Rock Creek, Montana Sally Mann is a reasonably well-known photographer with a determined vision of her art, her family, her land, and the South itself, that is enthrallingly captured in a combination memoir, history, and defense in her recent Hold Still. She writes almost poetically in some parts and because and in spite of it all, you can’t help liking her and wishing her Suburban would pull up in front of a house nearby, so you could walk over and say, “hi!” If I were rating it for Amazon, I’d give it five stars.

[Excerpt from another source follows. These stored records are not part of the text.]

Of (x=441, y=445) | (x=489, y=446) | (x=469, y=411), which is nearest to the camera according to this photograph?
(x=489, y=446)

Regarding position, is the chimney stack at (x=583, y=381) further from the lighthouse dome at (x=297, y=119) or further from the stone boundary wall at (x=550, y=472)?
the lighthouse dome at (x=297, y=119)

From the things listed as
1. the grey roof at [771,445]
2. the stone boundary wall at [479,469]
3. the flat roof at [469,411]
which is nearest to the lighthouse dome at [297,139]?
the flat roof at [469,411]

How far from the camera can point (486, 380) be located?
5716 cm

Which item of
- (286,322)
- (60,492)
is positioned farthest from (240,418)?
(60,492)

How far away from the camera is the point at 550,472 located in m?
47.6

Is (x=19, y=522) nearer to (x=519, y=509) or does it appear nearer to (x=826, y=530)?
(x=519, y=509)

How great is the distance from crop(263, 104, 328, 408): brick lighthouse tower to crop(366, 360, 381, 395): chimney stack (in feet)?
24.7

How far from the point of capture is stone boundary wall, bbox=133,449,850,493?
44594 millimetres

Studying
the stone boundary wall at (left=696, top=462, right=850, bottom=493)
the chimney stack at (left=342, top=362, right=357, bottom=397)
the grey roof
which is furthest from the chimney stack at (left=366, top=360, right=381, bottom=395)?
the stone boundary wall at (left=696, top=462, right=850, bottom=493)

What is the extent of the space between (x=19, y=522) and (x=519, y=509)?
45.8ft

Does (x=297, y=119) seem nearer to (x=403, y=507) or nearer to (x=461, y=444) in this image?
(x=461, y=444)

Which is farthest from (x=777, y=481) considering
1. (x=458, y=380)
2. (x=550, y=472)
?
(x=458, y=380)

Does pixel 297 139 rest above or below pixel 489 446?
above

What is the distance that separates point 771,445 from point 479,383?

But, that’s all here and there, when it comes to some of the points she makes that are worth serious thought. One of the more interesting, especially coming from a photographer, are accusations that photographs themselves are destroying and altering memory. She might have been expected to argue that photographs are supplementing memory or even that they are substituting for memory, neither of which would have triggered much thought or debate. Instead at several different points in her book, she approaches photographs, even her own, with an attitude that seems almost openly hostile to the pictures themselves, despite it being her passionate avocation.

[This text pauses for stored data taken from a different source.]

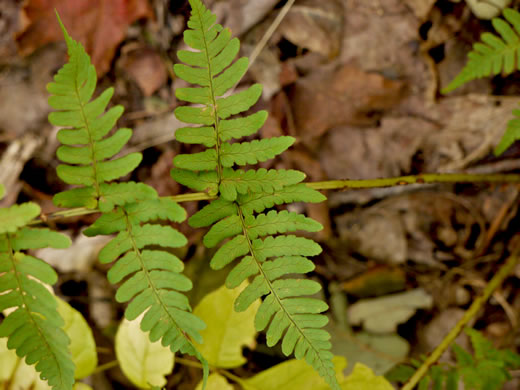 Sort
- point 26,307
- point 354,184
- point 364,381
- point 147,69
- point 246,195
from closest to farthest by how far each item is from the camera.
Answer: point 26,307, point 246,195, point 354,184, point 364,381, point 147,69

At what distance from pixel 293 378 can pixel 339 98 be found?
1.57 metres

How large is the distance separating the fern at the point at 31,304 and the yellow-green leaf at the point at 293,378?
0.80m

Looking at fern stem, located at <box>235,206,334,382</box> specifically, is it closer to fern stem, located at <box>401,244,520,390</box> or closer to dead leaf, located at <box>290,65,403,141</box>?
fern stem, located at <box>401,244,520,390</box>

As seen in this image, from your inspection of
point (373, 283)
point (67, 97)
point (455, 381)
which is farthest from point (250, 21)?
point (455, 381)

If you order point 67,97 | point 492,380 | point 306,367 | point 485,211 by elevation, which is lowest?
point 492,380

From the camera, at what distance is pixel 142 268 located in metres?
1.42

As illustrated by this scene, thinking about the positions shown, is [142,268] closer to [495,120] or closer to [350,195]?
[350,195]

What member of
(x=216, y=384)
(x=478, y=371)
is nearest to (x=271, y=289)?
(x=216, y=384)

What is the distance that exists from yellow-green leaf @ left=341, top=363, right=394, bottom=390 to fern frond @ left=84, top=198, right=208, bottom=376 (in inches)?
28.2

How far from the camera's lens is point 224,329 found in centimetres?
187

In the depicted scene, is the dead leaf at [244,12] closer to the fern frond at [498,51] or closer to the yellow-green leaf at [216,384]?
the fern frond at [498,51]

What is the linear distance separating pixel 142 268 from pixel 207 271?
3.18ft

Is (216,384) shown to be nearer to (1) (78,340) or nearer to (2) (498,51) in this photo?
(1) (78,340)

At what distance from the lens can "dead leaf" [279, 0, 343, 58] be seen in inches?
100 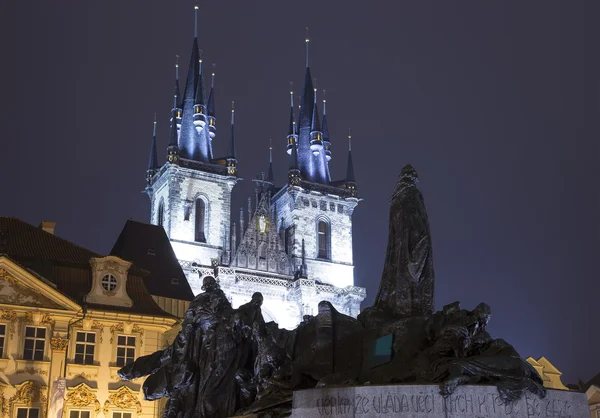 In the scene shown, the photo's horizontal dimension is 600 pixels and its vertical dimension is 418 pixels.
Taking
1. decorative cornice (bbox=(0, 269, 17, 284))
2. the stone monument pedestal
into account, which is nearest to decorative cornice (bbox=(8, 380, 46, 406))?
decorative cornice (bbox=(0, 269, 17, 284))

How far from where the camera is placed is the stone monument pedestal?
7.34 m

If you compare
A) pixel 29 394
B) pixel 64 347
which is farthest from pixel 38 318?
pixel 29 394

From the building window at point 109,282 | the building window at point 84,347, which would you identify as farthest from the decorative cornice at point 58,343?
the building window at point 109,282

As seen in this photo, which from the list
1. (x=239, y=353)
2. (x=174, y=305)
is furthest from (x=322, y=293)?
(x=239, y=353)

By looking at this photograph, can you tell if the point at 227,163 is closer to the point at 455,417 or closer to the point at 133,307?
the point at 133,307

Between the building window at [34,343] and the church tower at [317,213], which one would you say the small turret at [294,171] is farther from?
the building window at [34,343]

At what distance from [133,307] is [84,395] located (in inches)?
122

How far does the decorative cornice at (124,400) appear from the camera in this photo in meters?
24.7

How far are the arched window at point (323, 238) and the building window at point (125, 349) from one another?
2900 centimetres

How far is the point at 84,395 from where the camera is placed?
963 inches

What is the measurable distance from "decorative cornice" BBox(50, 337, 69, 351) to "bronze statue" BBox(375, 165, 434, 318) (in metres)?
16.7

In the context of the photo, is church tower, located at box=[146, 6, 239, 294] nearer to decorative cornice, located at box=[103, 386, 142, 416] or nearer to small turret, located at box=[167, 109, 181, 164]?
small turret, located at box=[167, 109, 181, 164]

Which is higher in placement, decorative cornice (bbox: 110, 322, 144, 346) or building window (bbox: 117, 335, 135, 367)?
decorative cornice (bbox: 110, 322, 144, 346)

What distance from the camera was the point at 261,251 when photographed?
5184 centimetres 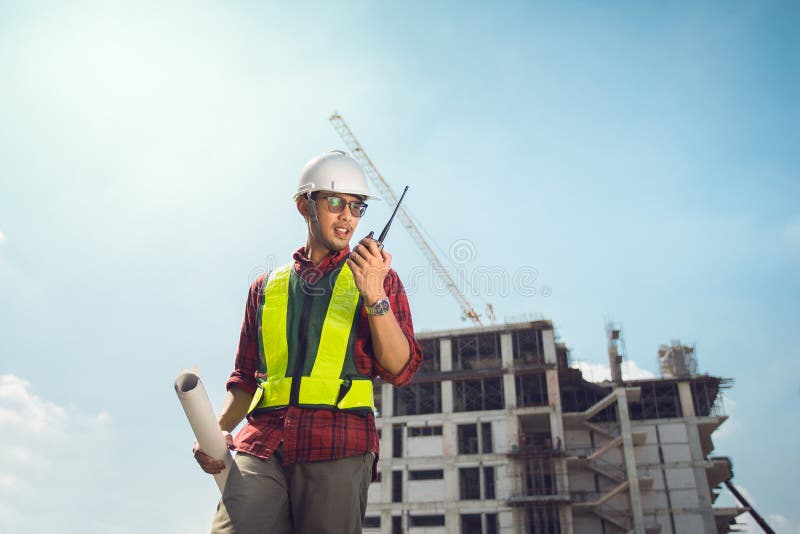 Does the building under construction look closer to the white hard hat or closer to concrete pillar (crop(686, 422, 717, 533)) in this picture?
concrete pillar (crop(686, 422, 717, 533))

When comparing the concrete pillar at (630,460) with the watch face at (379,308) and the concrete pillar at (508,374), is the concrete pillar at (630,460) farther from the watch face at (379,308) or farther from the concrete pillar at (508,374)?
the watch face at (379,308)

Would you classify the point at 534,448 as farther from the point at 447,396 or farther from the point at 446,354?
the point at 446,354

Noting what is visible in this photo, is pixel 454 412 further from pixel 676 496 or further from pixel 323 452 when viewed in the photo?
pixel 323 452

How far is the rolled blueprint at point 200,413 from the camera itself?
302 cm

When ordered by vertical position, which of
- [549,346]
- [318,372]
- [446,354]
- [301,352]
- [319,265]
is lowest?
[318,372]

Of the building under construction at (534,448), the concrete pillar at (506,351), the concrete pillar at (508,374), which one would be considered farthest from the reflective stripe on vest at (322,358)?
the concrete pillar at (506,351)

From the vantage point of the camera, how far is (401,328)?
3.55 m

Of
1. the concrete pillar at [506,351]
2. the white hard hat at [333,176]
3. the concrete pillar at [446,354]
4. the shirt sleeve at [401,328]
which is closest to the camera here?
the shirt sleeve at [401,328]

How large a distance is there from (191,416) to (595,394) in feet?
208

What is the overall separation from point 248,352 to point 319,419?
80 centimetres

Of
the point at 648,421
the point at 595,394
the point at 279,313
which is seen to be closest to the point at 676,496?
the point at 648,421

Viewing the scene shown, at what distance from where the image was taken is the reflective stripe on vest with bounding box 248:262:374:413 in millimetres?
3244

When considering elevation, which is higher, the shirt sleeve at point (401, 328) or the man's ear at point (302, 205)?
the man's ear at point (302, 205)

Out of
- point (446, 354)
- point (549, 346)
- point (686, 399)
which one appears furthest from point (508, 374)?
point (686, 399) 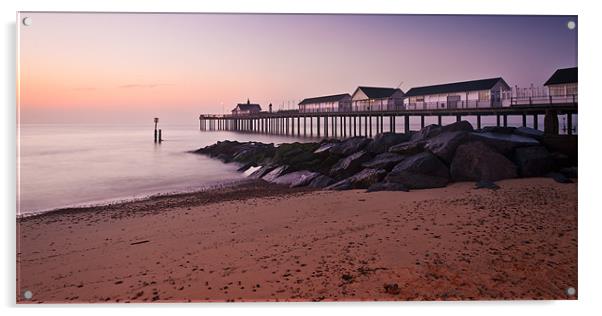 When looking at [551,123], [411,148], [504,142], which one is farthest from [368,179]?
[551,123]

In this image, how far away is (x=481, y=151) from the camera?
5676 mm

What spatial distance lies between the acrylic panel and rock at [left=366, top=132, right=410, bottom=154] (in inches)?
15.1

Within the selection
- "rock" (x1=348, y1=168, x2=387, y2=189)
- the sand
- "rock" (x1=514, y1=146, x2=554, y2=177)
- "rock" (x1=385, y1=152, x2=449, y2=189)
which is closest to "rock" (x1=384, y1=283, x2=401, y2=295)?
the sand

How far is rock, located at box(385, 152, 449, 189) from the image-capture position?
5566mm

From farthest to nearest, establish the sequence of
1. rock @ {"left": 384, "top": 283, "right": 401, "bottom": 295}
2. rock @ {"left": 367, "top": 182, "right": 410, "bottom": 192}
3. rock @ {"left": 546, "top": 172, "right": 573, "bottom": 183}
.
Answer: rock @ {"left": 367, "top": 182, "right": 410, "bottom": 192} < rock @ {"left": 546, "top": 172, "right": 573, "bottom": 183} < rock @ {"left": 384, "top": 283, "right": 401, "bottom": 295}

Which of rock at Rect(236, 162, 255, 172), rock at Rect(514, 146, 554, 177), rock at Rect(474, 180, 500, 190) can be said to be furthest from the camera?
rock at Rect(236, 162, 255, 172)

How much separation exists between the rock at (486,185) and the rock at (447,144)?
0.67m

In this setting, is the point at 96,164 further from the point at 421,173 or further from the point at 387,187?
the point at 421,173

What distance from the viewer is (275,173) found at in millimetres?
8227

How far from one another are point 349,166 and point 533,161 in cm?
277

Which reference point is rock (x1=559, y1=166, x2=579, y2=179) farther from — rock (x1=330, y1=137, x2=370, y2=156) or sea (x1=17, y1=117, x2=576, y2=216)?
rock (x1=330, y1=137, x2=370, y2=156) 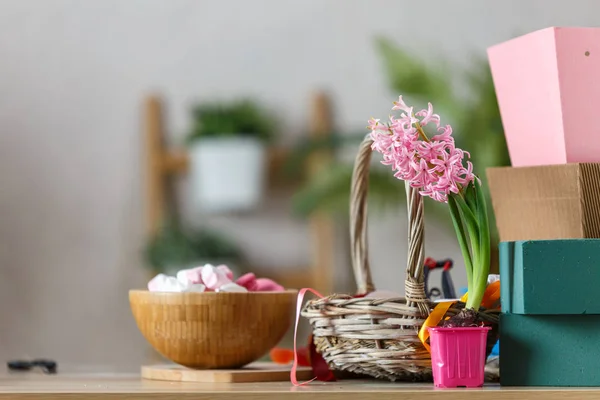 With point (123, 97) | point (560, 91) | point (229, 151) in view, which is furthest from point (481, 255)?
point (123, 97)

Inarguably, she is correct that the photographer choosing to frame a scene in a certain way and using the unmitigated power of selection from their many choices of shots in the same scene and sequence can use the final photograph produced to warp reality in the split second of that moment apart from any other context. In some ways, her point holds more weight for her photography as art and artifice, than it succeeds as a brief the danger of a photograph supplanting or subverting memory. The disruptive rise of the smartphone, the quality of the pictures, and the ubiquity of photographs has perhaps changed the vernacular of photography and memory more than Mann wants to credit, as immersed as she is in her own vision and art. The proliferation of photographs and the cameras that take them currently are laying their own claims to be seen as facts, reality, and truth, almost making memory and perspective passé. Who cares what the police claim might be their memory, when a cellphone captures the scene of a killing in South Charleston or an athlete’s spin on a beating in an elevator in Baltimore? Photographs are now public, and memories are private, regardless of the distortion.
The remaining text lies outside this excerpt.